Warum legst du die txt nicht in das gleiche Verzeichnis wie das Programm?


----------



## kakulala (1. Aug 2017)

mrBrown hat gesagt.:


> Warum legst du die txt nicht in das gleiche Verzeichnis wie das Programm?


Meinst du den workspace? Ich habe das Programm noch nicht fertig, dazu brauchte ich noch eine Möglichkeit, einen Pfad einzulesen (jetzt gelöst mit .txt) .

Funktioniert das denn wenn ich eine .exe zum schluss mache & in dem Ordner befindet sich dann die Textdatei (mit Pfad). Kann ich dann die Textdatei bzw. den Pfad darin beliebig ändern & es funktioniert? Wäre schade, wenn ich das jetzt alles so fertig mache & zum schluss funktioniert es nicht so wie es sollte....


----------



## mrBrown (1. Aug 2017)

Ja, das funktioniert.


----------



## kakulala (1. Aug 2017)

mrBrown hat gesagt.:


> Ja, das funktioniert.


Wenn ich nun jedoch die .exe Datei auf einen anderen PC lege & dort ausführen lassen möchte, wird es problematisch oder?
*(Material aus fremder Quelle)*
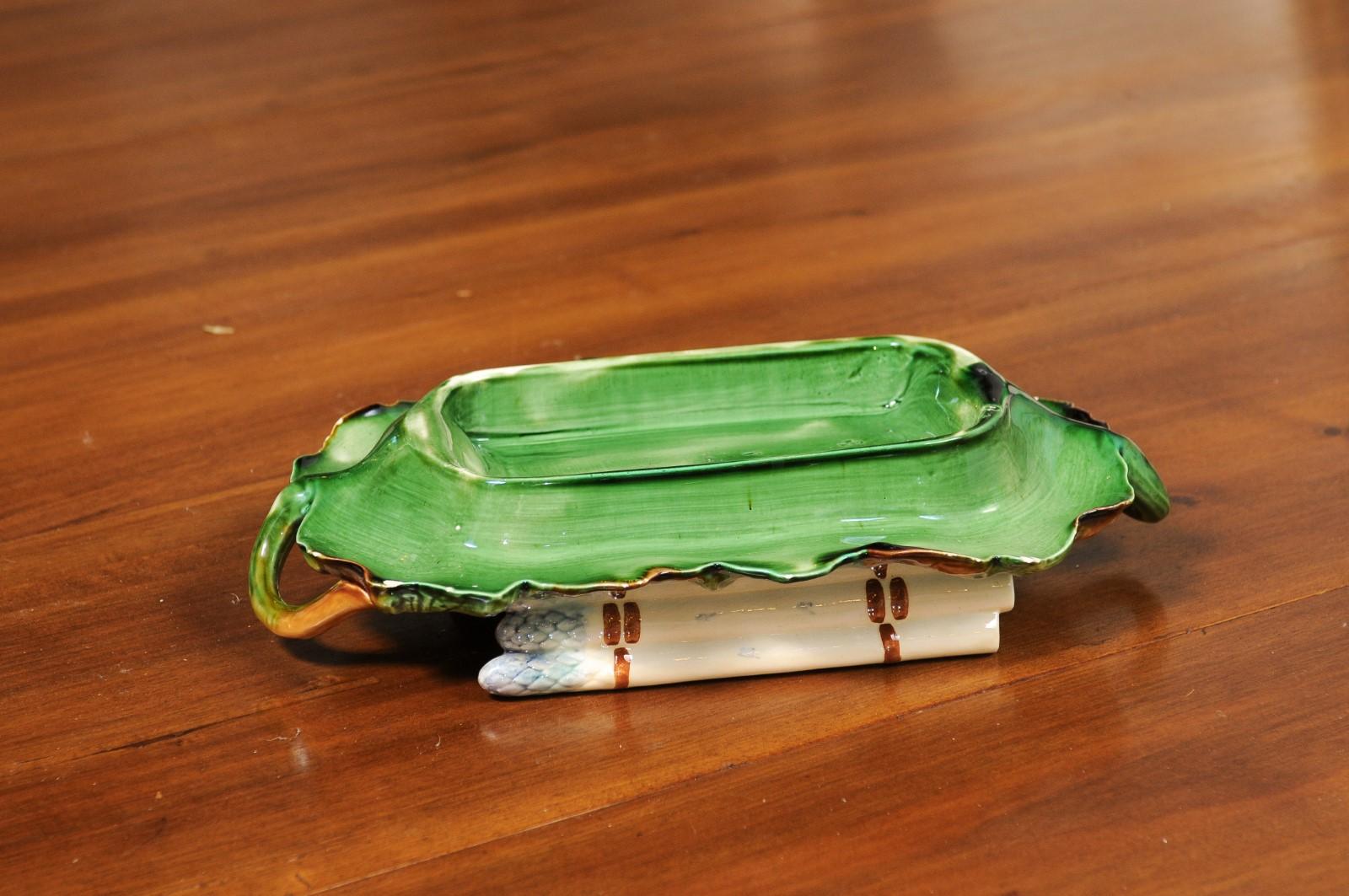 French 19th Century Majolica Asparagus Serving Tray with Oval Foliage Plate For Sale 10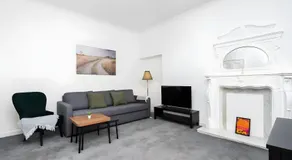 5 Individual Beds - Free Parking - Image 3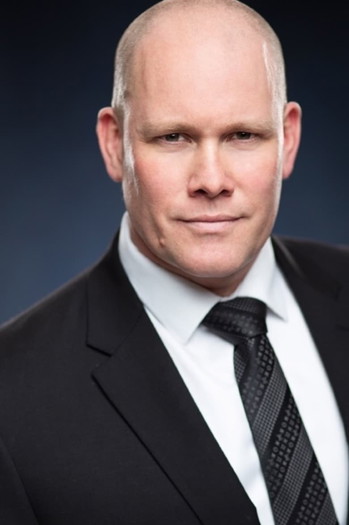 Photo of actor Shaw Madson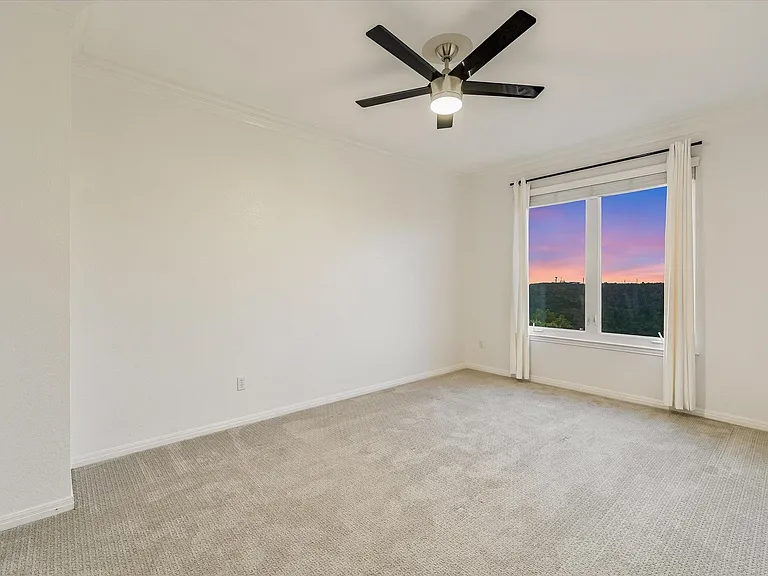 5506 Merrywing Cir — Photo 32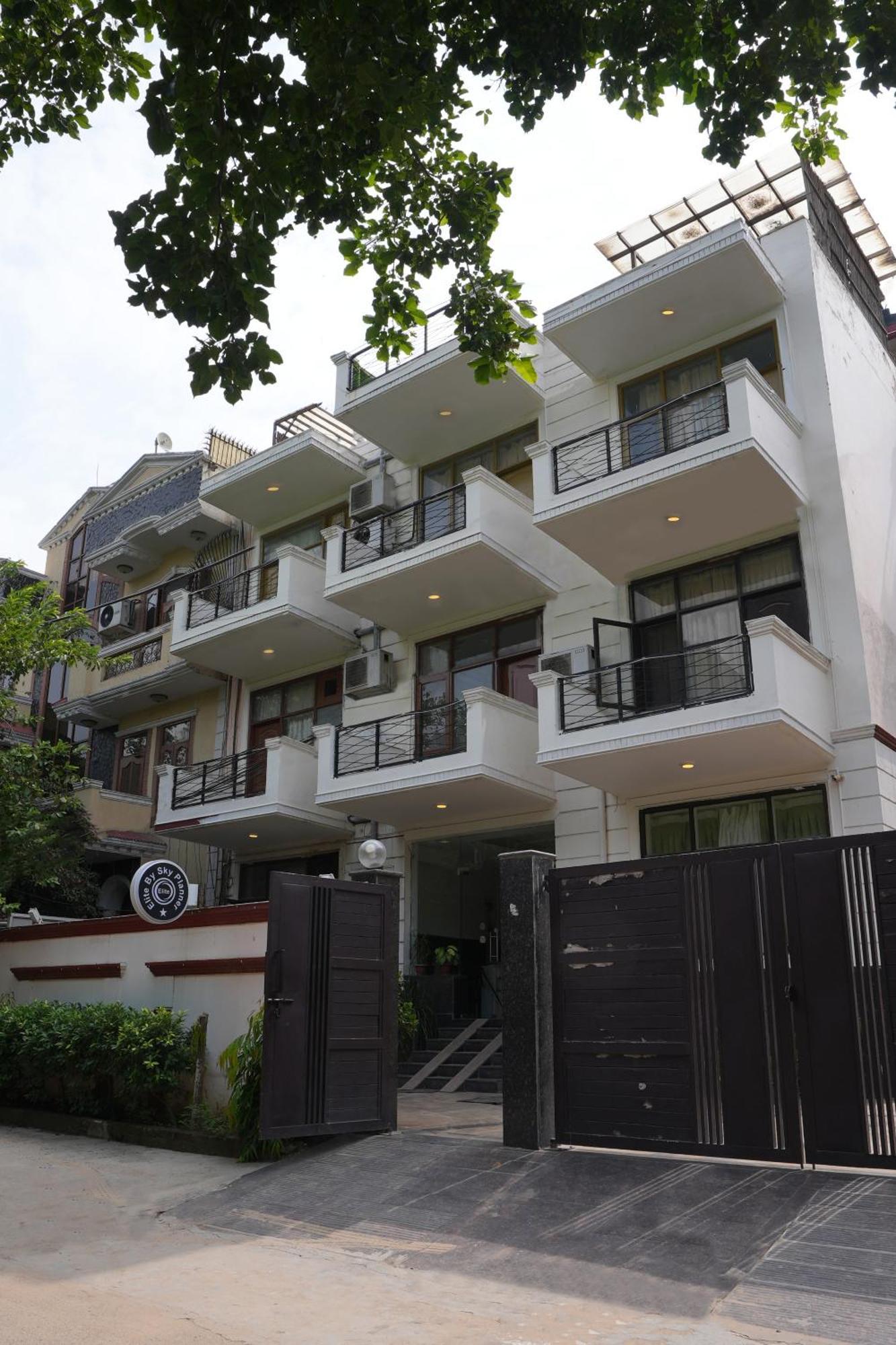Hotel Elite Sector 45 I Gurgaon Central I Couple Friendly Exterior foto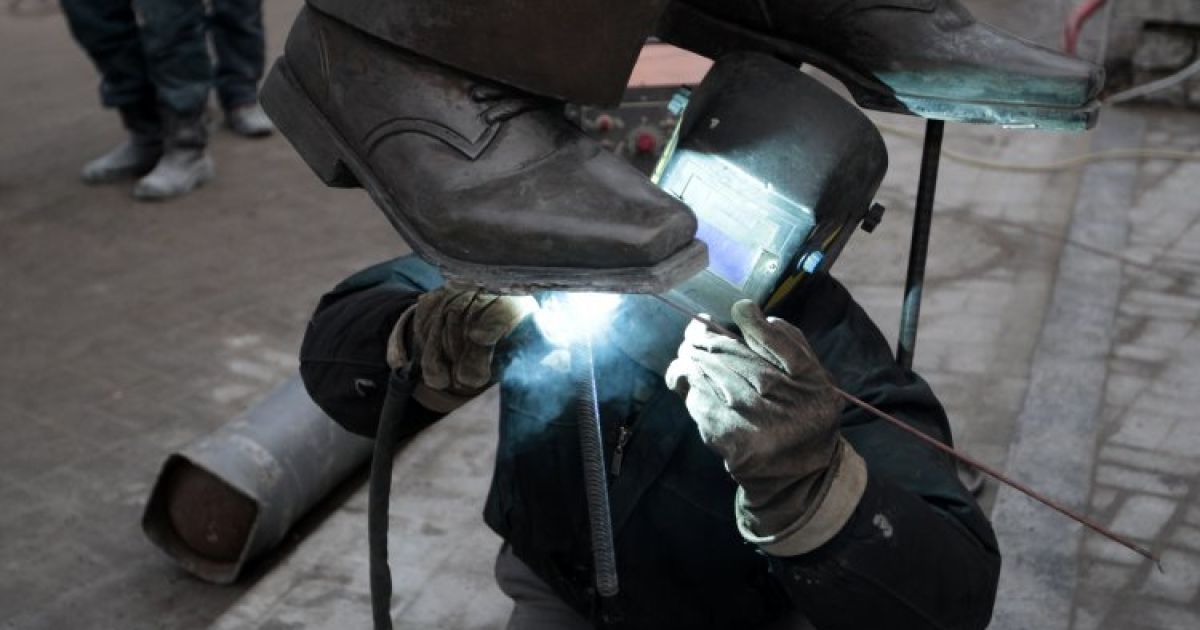 Пам&rsquo;ятник Лобановському перенесли на вулицю Грушевського / © УНІАН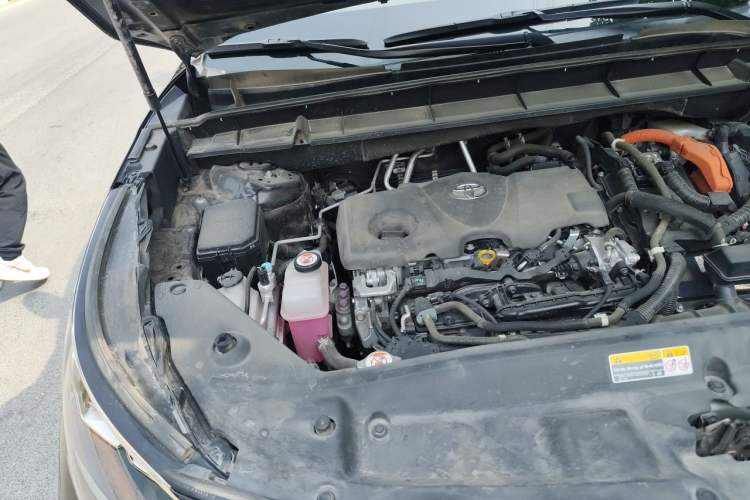 Used Toyota Highlander 2022 Dual-Engine 2.5L Four-Wheel Drive Prestige Version 7 Seats Engine Bay Right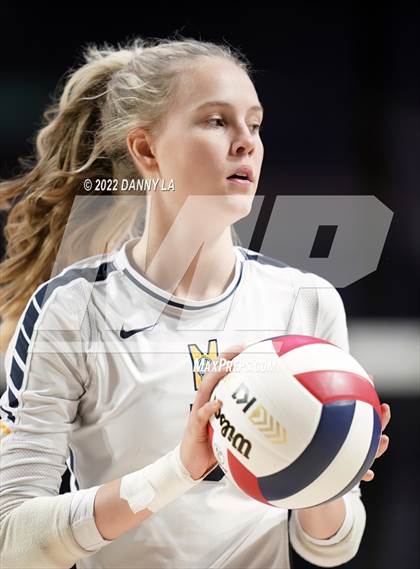 Thumbnail 3 in First Colonial vs. Midlothian (VHSL Class 5 State Final) photogallery.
Dann stimmt ja der Pfad nichtmehr, in dem die Textdatei in meinem Java Programm steht


----------



## mrBrown (1. Aug 2017)

Ja deshalb sollte sie ja sich in dem gleichem Verzeichnis wie das Programm liegen.
Du solltest dafür natürlich keinen absoluten sondern einen relativen Pfad nutzen


----------



## kakulala (1. Aug 2017)

mrBrown hat gesagt.:


> Ja deshalb sollte sie ja sich in dem gleichem Verzeichnis wie das Programm liegen.
> Du solltest dafür natürlich keinen absoluten sondern einen relativen Pfad nutzen


Oh gott, danke! Ich bin automatisch von einem absoluten ausgegangen.....ich probiers!


----------